Only the lines below between the ones containing "Pentax Espio 738g" and "主裁改判音频：姆巴佩动作力度太猛 应该给红牌", inclusive, are to be reproduced, each exactly as it stands.

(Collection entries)
○ ○ ○ ○ ○ ○ ○

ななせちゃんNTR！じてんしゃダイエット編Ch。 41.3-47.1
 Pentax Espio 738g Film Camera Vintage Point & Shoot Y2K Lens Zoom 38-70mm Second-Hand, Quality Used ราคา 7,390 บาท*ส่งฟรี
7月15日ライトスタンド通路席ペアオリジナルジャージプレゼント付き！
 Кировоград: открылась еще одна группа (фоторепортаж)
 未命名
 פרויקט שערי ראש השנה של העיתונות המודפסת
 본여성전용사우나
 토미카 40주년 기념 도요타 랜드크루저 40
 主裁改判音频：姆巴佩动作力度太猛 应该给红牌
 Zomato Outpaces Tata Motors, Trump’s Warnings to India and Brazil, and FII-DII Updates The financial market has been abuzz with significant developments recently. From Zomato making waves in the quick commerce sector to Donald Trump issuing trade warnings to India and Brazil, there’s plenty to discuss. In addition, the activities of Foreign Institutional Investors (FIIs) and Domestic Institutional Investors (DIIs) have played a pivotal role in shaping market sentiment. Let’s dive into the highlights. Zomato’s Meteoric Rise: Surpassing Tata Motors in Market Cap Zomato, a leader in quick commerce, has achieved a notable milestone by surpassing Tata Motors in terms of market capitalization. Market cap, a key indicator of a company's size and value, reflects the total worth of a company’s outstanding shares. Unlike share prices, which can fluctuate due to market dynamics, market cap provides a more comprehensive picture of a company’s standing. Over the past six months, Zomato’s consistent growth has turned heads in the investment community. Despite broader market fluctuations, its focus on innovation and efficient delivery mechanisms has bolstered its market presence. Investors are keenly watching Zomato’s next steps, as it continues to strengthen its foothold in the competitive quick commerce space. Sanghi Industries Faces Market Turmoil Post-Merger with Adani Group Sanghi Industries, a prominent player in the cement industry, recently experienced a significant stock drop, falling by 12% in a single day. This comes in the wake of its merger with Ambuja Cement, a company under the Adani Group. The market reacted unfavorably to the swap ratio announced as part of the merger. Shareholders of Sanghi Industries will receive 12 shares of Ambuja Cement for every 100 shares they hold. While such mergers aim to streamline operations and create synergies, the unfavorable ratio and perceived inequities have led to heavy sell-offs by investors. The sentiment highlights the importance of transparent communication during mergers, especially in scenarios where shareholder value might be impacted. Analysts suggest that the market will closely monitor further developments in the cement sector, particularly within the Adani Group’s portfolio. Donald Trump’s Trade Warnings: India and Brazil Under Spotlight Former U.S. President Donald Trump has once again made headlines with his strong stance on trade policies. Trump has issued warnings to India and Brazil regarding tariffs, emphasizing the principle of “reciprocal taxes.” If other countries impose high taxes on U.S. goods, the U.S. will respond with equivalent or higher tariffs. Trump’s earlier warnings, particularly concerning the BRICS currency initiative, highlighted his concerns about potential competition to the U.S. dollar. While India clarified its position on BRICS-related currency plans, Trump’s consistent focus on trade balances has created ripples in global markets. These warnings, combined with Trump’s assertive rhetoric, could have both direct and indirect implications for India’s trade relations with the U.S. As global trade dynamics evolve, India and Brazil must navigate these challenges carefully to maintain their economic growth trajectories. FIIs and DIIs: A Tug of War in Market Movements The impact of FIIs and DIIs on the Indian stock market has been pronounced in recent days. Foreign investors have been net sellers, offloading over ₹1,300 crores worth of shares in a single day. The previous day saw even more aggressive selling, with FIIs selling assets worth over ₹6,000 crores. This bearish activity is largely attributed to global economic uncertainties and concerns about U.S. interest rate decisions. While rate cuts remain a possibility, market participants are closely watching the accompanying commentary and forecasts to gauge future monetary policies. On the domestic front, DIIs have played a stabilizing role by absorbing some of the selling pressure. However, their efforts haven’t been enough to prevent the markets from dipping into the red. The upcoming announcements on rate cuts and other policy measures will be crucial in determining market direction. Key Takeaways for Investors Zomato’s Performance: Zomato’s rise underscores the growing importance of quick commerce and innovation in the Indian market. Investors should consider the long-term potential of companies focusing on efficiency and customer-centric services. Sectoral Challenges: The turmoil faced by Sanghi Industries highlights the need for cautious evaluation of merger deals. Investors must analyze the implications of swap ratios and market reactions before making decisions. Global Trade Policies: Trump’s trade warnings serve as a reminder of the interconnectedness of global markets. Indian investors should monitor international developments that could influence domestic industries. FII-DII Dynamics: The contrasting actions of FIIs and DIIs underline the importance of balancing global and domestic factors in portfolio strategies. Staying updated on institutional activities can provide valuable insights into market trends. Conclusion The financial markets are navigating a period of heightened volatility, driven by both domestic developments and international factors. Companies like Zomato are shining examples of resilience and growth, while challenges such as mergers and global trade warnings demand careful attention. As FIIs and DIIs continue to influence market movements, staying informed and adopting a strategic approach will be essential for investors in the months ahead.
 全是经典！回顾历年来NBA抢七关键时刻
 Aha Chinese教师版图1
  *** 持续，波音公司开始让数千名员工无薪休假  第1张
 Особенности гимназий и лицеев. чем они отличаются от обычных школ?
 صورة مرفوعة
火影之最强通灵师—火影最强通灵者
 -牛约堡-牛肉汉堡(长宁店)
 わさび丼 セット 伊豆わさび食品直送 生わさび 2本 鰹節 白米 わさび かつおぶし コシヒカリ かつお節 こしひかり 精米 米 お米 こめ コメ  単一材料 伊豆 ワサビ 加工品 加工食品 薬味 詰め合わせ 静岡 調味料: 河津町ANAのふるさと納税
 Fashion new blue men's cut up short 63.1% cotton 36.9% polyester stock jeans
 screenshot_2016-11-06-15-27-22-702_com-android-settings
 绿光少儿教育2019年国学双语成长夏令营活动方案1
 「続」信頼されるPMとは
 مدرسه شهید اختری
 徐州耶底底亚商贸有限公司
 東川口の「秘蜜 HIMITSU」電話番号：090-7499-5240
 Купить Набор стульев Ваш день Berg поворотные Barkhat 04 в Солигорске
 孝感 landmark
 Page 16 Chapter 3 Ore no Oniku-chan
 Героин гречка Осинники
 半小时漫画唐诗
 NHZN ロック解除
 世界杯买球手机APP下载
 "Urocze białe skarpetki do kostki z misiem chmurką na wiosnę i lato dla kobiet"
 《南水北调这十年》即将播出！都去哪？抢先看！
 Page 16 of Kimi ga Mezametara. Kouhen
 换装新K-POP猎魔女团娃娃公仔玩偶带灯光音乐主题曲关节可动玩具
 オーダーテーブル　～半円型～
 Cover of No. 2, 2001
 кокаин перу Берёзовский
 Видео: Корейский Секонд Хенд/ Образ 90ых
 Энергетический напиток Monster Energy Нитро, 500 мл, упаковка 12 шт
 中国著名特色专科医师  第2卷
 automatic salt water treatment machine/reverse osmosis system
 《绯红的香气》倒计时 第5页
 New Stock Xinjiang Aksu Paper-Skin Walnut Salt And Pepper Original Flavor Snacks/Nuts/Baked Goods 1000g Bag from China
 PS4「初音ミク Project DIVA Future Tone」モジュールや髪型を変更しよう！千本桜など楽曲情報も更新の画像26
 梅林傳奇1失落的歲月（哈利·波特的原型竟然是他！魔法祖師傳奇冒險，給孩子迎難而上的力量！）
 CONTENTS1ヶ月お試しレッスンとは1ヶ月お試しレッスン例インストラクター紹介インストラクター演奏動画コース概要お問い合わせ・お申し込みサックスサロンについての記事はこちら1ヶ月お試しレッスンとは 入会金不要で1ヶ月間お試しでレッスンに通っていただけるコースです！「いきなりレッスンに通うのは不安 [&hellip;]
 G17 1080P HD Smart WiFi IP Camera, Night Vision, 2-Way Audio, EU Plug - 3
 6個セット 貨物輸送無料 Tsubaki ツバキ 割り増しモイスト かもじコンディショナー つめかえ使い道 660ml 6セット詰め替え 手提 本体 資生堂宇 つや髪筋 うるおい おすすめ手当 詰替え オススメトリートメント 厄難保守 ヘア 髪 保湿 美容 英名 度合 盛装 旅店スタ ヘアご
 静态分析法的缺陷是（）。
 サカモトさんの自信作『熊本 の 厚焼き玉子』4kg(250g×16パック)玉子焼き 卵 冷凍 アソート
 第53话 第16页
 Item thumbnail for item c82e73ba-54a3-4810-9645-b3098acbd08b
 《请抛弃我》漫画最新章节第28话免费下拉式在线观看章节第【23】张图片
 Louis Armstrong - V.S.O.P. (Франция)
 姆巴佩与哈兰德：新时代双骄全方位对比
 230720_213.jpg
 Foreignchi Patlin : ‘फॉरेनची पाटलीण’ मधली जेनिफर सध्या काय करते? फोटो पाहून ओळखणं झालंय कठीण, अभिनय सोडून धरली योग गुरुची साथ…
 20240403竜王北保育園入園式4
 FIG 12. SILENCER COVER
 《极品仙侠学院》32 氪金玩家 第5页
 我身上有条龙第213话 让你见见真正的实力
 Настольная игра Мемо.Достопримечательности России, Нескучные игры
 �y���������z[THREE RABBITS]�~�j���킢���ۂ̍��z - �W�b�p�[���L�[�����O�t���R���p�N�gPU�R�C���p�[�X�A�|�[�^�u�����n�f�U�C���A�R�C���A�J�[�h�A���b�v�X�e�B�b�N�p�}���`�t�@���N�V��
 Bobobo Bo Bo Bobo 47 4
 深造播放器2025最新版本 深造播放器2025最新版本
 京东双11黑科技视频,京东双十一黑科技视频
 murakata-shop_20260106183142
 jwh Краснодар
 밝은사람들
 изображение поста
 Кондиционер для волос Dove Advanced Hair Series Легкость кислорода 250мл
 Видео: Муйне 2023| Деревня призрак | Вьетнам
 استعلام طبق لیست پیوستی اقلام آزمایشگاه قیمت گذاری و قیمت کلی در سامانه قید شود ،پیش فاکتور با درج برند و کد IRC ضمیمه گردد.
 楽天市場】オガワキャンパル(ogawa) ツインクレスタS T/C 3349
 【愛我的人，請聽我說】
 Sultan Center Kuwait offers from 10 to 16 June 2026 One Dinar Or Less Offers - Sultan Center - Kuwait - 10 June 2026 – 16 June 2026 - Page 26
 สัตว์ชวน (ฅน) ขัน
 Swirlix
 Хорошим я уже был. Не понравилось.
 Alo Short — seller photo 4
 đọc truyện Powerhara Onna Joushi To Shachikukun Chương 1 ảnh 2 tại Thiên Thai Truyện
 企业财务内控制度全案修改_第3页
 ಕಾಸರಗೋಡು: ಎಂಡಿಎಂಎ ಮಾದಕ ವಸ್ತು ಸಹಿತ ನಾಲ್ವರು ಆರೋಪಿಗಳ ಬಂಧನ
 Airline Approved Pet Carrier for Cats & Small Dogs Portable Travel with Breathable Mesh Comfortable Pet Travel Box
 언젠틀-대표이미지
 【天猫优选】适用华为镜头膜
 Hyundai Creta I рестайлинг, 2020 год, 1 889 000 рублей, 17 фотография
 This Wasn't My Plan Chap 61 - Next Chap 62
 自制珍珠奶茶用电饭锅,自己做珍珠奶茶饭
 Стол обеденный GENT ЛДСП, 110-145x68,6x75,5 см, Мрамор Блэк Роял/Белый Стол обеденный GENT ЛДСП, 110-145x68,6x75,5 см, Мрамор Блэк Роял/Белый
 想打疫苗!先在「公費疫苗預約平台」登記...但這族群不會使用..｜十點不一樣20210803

○ ○ ○ ○ ○ ○ ○

Expected answer:
 Pentax Espio 738g Film Camera Vintage Point & Shoot Y2K Lens Zoom 38-70mm Second-Hand, Quality Used ราคา 7,390 บาท*ส่งฟรี
7月15日ライトスタンド通路席ペアオリジナルジャージプレゼント付き！
 Кировоград: открылась еще одна группа (фоторепортаж)
 未命名
 פרויקט שערי ראש השנה של העיתונות המודפסת
 본여성전용사우나
 토미카 40주년 기념 도요타 랜드크루저 40
 主裁改判音频：姆巴佩动作力度太猛 应该给红牌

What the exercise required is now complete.